Islamist opposition fighters in Syria say the US-backed fight against IS is distracting attention from their struggle against Bashar Al-Asad
The leader of a powerful Islamist rebel coalition in Syria said on Monday he planned to “liberate” the Syrian border town of Kobane from militants of the Islamic State and US-backed Kurdish fighters there, who he accused of supporting Syrian president Bashar al-Asad.
Zahran Alloush, military chief of the Islamic Front, a Salafi-leaning alliance of rebel groups that reportedly represents 45,000 fighters, said he was echoing the views of “hundreds of thousands” of rebels in Syria who fear the fight between the Islamic State and Syrian Kurdish fighters backed by US air-strikes is dragging attention away from their effort to overthrow Syrian president Bashar al-Asad.

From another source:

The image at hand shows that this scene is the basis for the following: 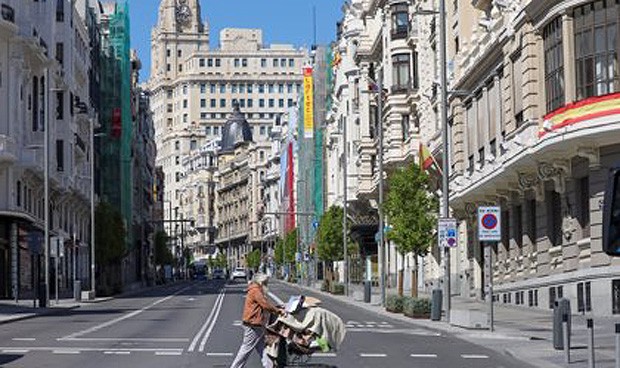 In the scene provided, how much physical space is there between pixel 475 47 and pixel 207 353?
30532mm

“Kobane is a Syrian city and the residents are Muslims and we will put all efforts to liberate it, just as we are trying to liberate other cities from Asad's regime...” said Alloush in a videoed press conference. “Our views on daash (the Islamic State) have not changed. We cannot forget the horrendous crimes they have committed against the people of Syria.”
Alloush said that the PYD, a Kurdish group based in north-east Syria who have said they support neither the rebels nor the Syrian government, were also on his “enemies list”, accusing them of allying with Bashar al-Asad.
Alloush’s comments were seen as an effort to try and refocus the attention of fractured, and increasingly Islamist-dominated, Syrian opposition fighters whose battle against Asad has ground to a stalemate.
Forty two-year old Alloush is little known in the West but with the gradual weakening of Syria’s moderate opposition, the Free Syrian Army, his group, the Islamic Front, have emerged as one of the more effective fighting forces on the ground. The Islamic Front are also a key player amongst the rebel groups holding off Syrian government forces trying to recapture the strategic northern city of Aleppo.
The Islamic Front is viewed by moderate opposition figures in Syria as a violent and deeply conservative force. It has called for the establishment of an Islamic Caliphate and is accused of committing war crimes, plundering factories, and kidnapping a prominent human rights activist Razan Zietouneh from near Damascus in December 2013.
Analysts have argued that the Front’s Islamist rhetoric can be discounted as a positioning ploy and that the group is bad news for al-Qaeda in Syria because it will stem the slide toward radicalism there and be able to face down militias on their right.
While the Islamic Front includes many Salafists seeking an Islamic state in Syria, it is not affiliated with al-Qaeda, according to Hassan Hasan, an analyst at the Delma Institute in Abu Dhabi.
Others say that distinguishing the Islamic Front from Al-Qaeda is difficult given the groups’ similar ideologies.
“The difference between his (Aloosh’s) ideology and that of al-Qaida groups is not profound. Rather, it is one of shades of grey,” writes Syria analyst Joshua Landis, in a profile of Alloush. “They both embrace foreign jihadists and encourage them to come Syria to join the fight. They both call for the resurrection of an Islamic Empire…. Their political philosophy and blue print for the future is largely based on a similar reading of Islamic history and the Qur’an.”
Groups like the Islamic Front, who emerged in late 2013, present a dilemma for the US as it seeks to maintain military pressure on the Syrian government and unify the groups rallying against it but also tries to prevent weapons from falling into the hands of groups like Jabhat al-Nusra who it deems terrorists.
Earlier this year the Islamic Front drew the ire of US officials after it seized U.S. vehicles and communications gear from warehourses at the Syria-Turkey border.
The seized material had been provided to the U.S.-backed Supreme Military Council (SMC) of moderate Syrian opposition fighters.
The SMC, whose Free Syrian Army is the only opposition armed force the United States backs in Syria, has lost both strength and influence to anti-Assad Islamic groups. Among them is the al-Qaeda-affiliated Islamic State of Iraq and Syria and the al-Nusra Front, both of which have been labeled terrorist groups by Washington.